Oligopoly is present when a handful of competitors dominate the market for a good or service and each firm makes pricing and marketing decisions in light of the expected response by rivals. Individual firms have the ability to set pricing and production strategy, and they enjoy the potential for economic profits in both the short run and the long run. Oligopoly describes markets that can be characterized as follows:
• Few sellers. A handful of firms produces the bulk of industry output.
• Homogeneous or unique product. Oligopoly output can be homogeneous (e.g., aluminum) or distinctive (e.g., ready-to-eat cereal).
• Blockaded entry and exit. Firms are heavily restricted from entering or leaving the industry.
• Imperfect dissemination of information. Cost, price, and product quality information is withheld from uninformed buyers.

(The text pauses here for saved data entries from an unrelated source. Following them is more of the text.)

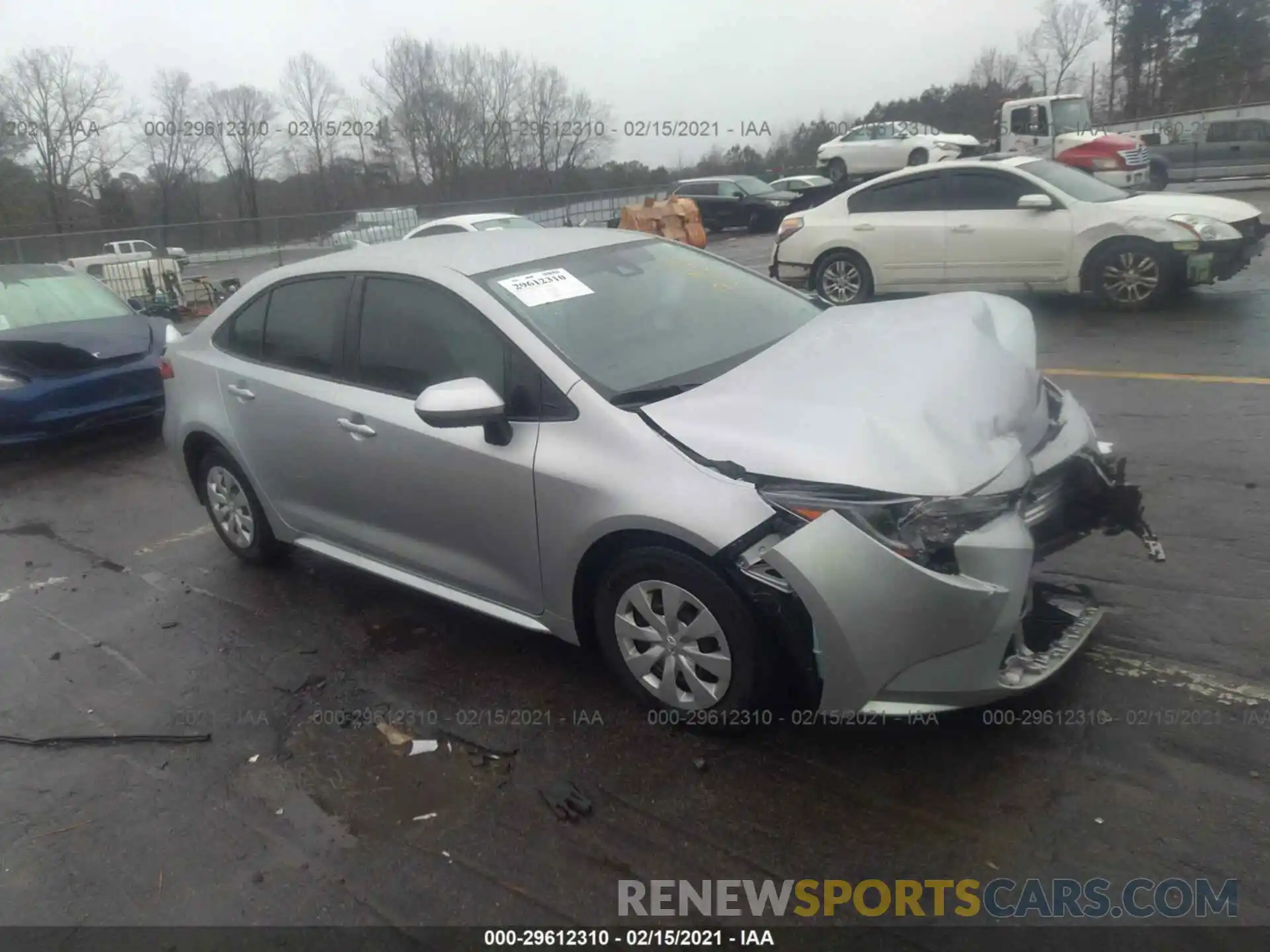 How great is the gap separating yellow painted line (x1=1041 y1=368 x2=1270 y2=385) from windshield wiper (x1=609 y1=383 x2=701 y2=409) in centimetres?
372

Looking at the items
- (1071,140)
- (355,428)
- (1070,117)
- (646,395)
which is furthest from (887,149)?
(646,395)

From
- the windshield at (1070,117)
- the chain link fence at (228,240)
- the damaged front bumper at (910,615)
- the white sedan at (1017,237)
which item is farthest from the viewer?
the chain link fence at (228,240)

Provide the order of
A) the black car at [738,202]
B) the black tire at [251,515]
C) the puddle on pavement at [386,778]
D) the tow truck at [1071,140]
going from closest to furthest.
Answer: the puddle on pavement at [386,778] < the black tire at [251,515] < the tow truck at [1071,140] < the black car at [738,202]

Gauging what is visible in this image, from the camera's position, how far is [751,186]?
24953 mm

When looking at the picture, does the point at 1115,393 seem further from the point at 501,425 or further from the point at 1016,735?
the point at 501,425

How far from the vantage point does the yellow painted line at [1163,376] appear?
21.0 feet

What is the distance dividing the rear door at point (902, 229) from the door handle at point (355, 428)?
7.31 m

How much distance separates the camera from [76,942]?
2.59 m

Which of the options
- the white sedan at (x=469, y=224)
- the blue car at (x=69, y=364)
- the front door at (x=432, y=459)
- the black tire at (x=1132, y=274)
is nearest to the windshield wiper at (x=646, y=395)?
the front door at (x=432, y=459)

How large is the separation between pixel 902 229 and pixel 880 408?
7.40m

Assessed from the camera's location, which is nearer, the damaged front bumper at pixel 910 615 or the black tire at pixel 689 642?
the damaged front bumper at pixel 910 615

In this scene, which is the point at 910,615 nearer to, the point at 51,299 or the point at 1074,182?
the point at 1074,182

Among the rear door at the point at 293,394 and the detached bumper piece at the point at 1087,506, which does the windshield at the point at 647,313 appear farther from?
the detached bumper piece at the point at 1087,506

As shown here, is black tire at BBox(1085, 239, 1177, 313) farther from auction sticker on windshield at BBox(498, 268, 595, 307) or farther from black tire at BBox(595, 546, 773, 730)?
black tire at BBox(595, 546, 773, 730) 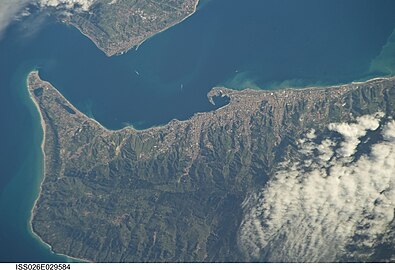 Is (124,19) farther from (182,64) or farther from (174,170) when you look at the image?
(174,170)

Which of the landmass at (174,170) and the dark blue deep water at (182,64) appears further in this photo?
the dark blue deep water at (182,64)

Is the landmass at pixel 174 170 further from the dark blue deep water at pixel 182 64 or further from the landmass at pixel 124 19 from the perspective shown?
the landmass at pixel 124 19

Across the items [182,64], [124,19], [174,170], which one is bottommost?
[174,170]

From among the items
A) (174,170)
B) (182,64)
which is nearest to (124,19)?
(182,64)

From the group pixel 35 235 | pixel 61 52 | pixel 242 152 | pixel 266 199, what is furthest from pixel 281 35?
pixel 35 235

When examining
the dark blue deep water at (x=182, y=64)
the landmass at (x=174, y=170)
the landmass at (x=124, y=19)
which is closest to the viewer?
the landmass at (x=174, y=170)

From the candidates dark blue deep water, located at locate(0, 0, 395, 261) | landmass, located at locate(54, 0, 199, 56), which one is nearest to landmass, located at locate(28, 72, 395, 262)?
dark blue deep water, located at locate(0, 0, 395, 261)

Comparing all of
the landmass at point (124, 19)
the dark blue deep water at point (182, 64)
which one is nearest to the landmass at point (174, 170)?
the dark blue deep water at point (182, 64)
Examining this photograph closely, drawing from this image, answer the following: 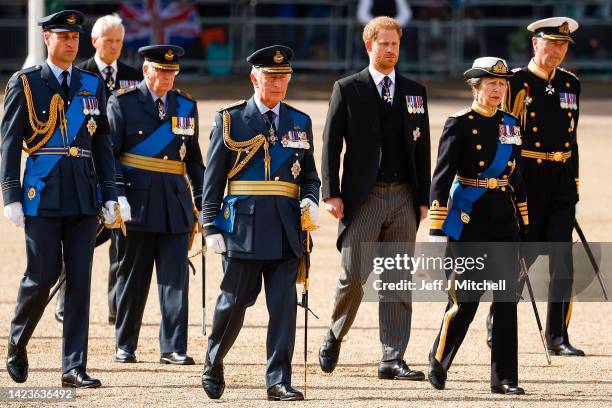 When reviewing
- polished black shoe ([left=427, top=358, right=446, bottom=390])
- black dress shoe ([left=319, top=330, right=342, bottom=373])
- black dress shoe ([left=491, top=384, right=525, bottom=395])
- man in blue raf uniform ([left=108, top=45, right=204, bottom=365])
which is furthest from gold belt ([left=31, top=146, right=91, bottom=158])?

In the United States, aluminum, cigarettes, electrical equipment, filmed entertainment production and distribution, glass, long-distance telecommunications, and ready-to-eat cereals are all produced and sold under conditions of oligopoly. In each of these industries, a small number of firms produces a dominant percentage of all industry output. In the ready-to-eat breakfast cereal industry, for example, Kellogg, Kraft (Post cereals), General Mills, Nabisco, and Quaker Oats are responsible for almost all domestic production in the United States. Durable customer loyalty gives rise to fat profit margins and rates of return on assets that are two to three times food industry norms. Corn Flakes, Sugar Frosted Flakes, Cheerios, Raisin
Bran, Wheaties, and a handful of other brands continue to dominate the industry year after year and make successful entry extremely difficult. Even multinational food giant Nestlé sought and obtained a joint venture agreement with General Mills rather than enter the potentially lucrative European breakfast cereal market by itself. Long-distance telephone service is also highly concentrated, with AT&T, Sprint, and WorldCom providing almost all domestic wire-line service to residential customers.
Oligopoly also is present in a number of local markets. In many retail markets for gasoline and food, for example, only a few service stations and grocery stores compete within a small geographic area. Drycleaning services are also sometimes provided by a relative handful of firms in small to medium-size cities and towns.